Beim FC Liverpool war man sich sicher: Wenn Naby Keïta 2018 aus Leipzig an die Anfield Road wechselt, wird das Mittelfeldspiel auf ein neues Level gehoben. Doch die Wahrheit sieht anders aus. In den wichtigen Spielen vertraut Jürgen Klopp in der Regel weiterhin seiner eingespielten Achse um Jordan Henderson, James Milner und Georginio Wijnaldum – allesamt Kicker, die nicht das enorme Talent eines Keïta mitbringen.
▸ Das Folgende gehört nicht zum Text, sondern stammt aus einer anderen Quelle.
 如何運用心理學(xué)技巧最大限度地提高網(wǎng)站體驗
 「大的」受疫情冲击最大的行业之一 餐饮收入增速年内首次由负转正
Teamtalk‘ berichtet nun, dass man in Liverpool darüber nachdenkt, den flinken Rechtsfuß nach nur einem Jahr wieder zu verkaufen. Dafür sei man unter Umständen sogar bereit, einen Verlust von umgerechnet mehr als elf Millionen Euro hinzunehmen. Zur Erinnerung: 2018 hatten die Reds noch 60 Millionen Euro für Keïta hingeblättert.

Bayern und BVB dran?

Interesse sagt ‚Teamtalk‘ den deutschen Topklubs FC Bayern und Borussia Dortmund nach. Beide hätten bereits Kontakt zur Entourage von Keïta aufgenommen, heißt es in dem Bericht. Im Sommer könne es nach einem Jahr Abstinenz zu einer Rückkehr in die Bundesliga kommen.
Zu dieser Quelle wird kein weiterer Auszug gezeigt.